After 40 wins — most of them runaways — Schneider got off to a slow start in Wednesday night’s game. Though she did take the lead before the Jeopardy round was completed, and kept it throughout the Double Jeopardy round, her lead was not sufficient to keep Rhone Talsma, a Chicago librarian, from overtaking her in Final Jeopardy. Schneider’s Final Jeopardy answers had been a mixed bag over the last several games. Last night she did not even attempt to answer the question “The only nation in the world whose name in English ends in an H, it's also one of the 10 most populous.” (The answer: Bangladesh)

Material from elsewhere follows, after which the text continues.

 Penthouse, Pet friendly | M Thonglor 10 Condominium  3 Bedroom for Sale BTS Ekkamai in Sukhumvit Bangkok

But don’t cry for Schneider. In her incredible 40-game run she not only overtook Matt Amodio for second place in consecutive games won but she racked up a hefty sum of $1,382,800 in winnings, earning her fourth place for highest earnings in regular season play. In addition, she is the first trans person to earn a spot in the “Jeopardy!” Tournament of Champions and the first woman to make the “Jeopardy!” millionaires club.
“There’s still the Tournament of Champions to come of course, and given the success I’ve had, it’s possible that there may be even more ‘Jeopardy!’ in my future after that,” Schneider said in a new essay for Jeopardy.com. “But even if you set that aside, my life as ‘Amy Schneider, Jeopardy! Champion’ is really only the beginning. Now, and for the rest of my life, I will forever be associated with the events of the last few months, and so it seems fair to say that my ‘Jeopardy!’ run will never truly end.”
In her essay, Schneider talks about all she gained from her two-months’ worth of appearances on the show. Besides the $1.3 million bucks and the chance to reconnect “all sorts of people” from her past, Schneider has appeared on the cover of both Washington Post and The New York Times, on the big screen at a Warriors game, on "Good Morning America," as well as had her work published in Defector and been recognized by the GLAAD Media Awards. And that's only the beginning.
Powerfully, Schneider also wrote about hers trans identity and the rejection she feared she would receive.
“I always believed that most people would see me as trans people have so often been seen: a freak, a pervert, a man in a dress, a liar, mentally ill. And as the days counted down to my episodes airing, I braced myself for the rejection I was sure would come. And then… it just didn’t. Sure, there have been a few isolated voices trying to bring me down, but the overwhelming reaction has been of support and acceptance.
“People actually believe me when I say who I am,” Schneider continued. “They don’t think there’s something wrong with me. And because of that, for maybe the first time in my life, I’m starting to think there really isn’t anything wrong with me either.”